As I said when I first mentioned her on this blog, my friend Tibet has nothing to do with the country or its politics. If she did though, she’d probably forget all about it. Because the thing about Tibet, apart from the fact that she’s hands down the most instantly lovable person I’ve met, is that her memory is legendary. And I mean this in a very Barney legend-waitforit-ary kinda way.
There are a dozen Tibet stories that defy common human imagination.
Like the time she got off at Churchgate station and tried to take a cab to Eros cinema (for non-Bombayiites, it’s right across the station).
Or the time she stood in the door of the train at Dadar and forgot to get off at Matunga Road (the station that comes right after Dadar).
Then there’s the time she told a famously squint-eyed classmate to “Look at me when I’m talking to you, dammit!”

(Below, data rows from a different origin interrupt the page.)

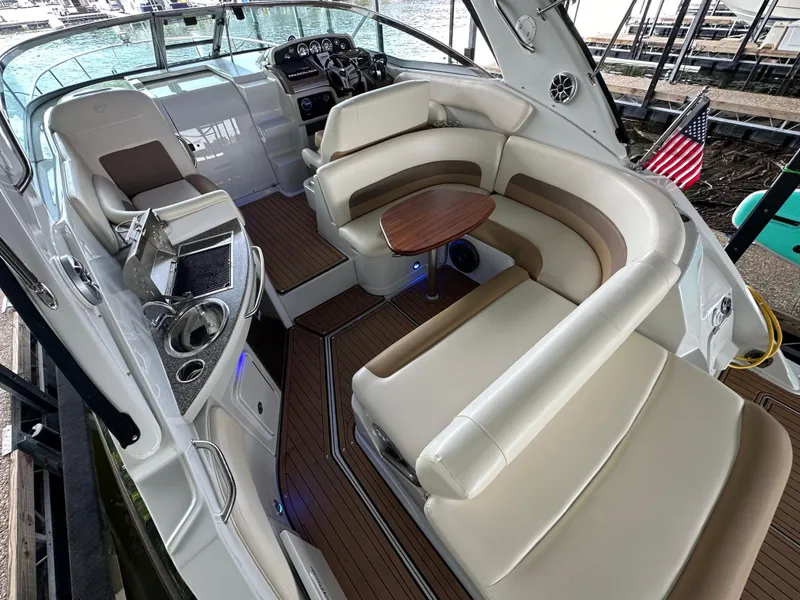 Slide: The Image of Luxurious 2020 Crownline 330 SY yacht interior with plush seating and elegant design. - 33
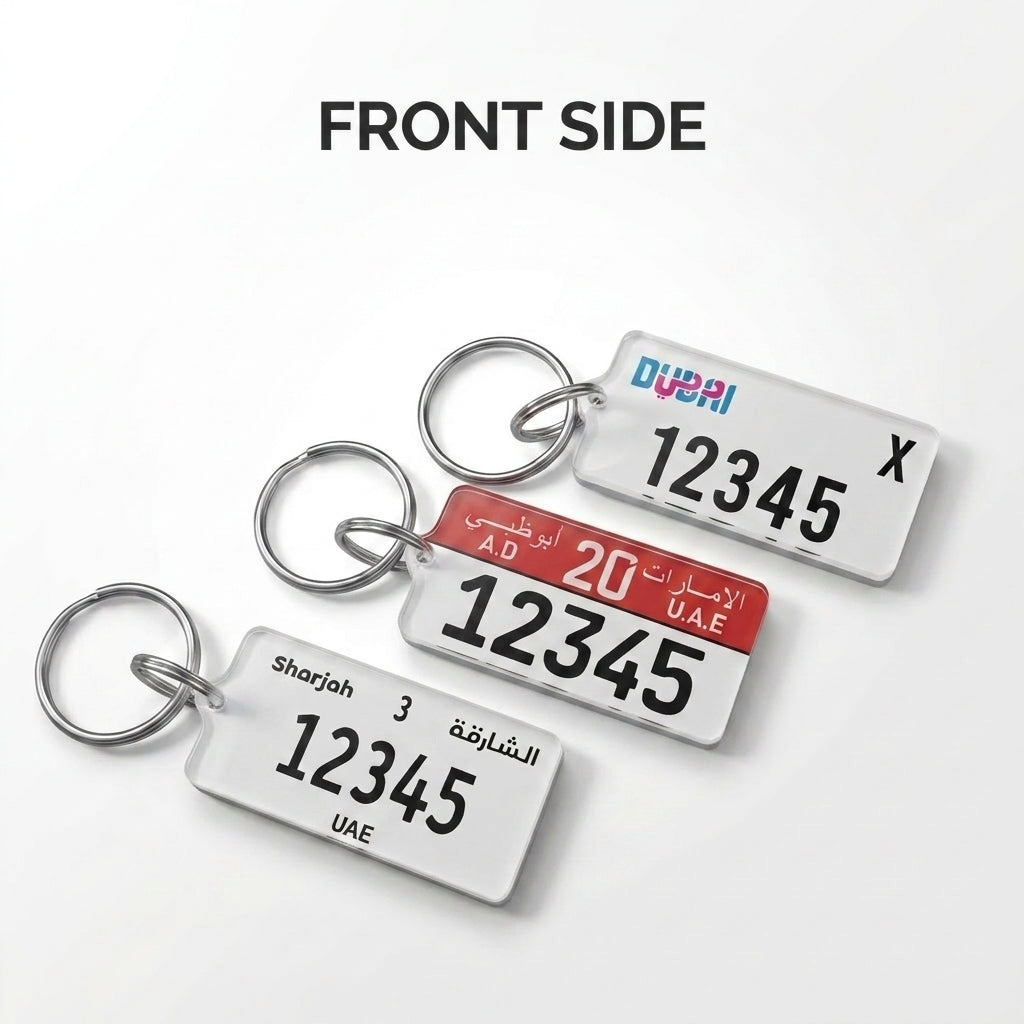 Three rectangular license plate keychains shown from the front on a light gray background, each attached to a silver metal key ring. The top keychain is white with blue and pink 'Dubai' text and black numbers; the middle keychain has a red header with white text and black numbers; the bottom keychain is white with black text.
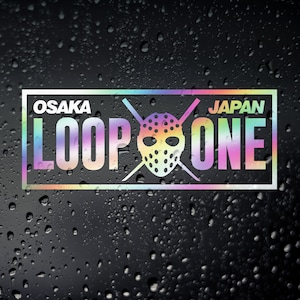 May include: A rainbow iridescent sticker with the text "OSAKA LOOP ONE JAPAN" and a hockey mask graphic.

I’ve known her for the past 11 years and she’s still more likely to forget my birthday than remember it. She has great comic timing with no comic intention and her idea of cheering me up is telling me about the penile worms her Labrador has or about the dead rat they found on her fridge the other day.
I remember her in my mind’s eye the way I first saw her in college: a jolly, plump girl in tight jeans and a tucked in man’s shirt, shoulder-length hair and the biggest, happiest, most genuine laugh I’ve ever seen or heard.
I remember her telling me that the only thing she wanted in her guy was a sense of humour. That was it. The gods gave her a man who fit the bill and today she’s the mother of a precocious 4-year-old, with a job she doesn’t hate and a life in the suburbs with husband, daughter, in-laws and dog – the Indian Dream, so to speak.
Talking to her makes me feel like I’m 17 again. Telling her my problems makes them seem funny. Hearing about her life takes me away from mine and sometimes that’s what’s really needed. I feel protective about her and she’s the only person with whom my phone conversations end on an ‘I love you’.
I’d once offered to kidnap her when her life got too tough to handle. Tibet, babe, I know you’re reading this because you have shitloads of time on your hands. So before your boss notices that you’re faffing around, I just want you to know this – the offer still stands. And always will.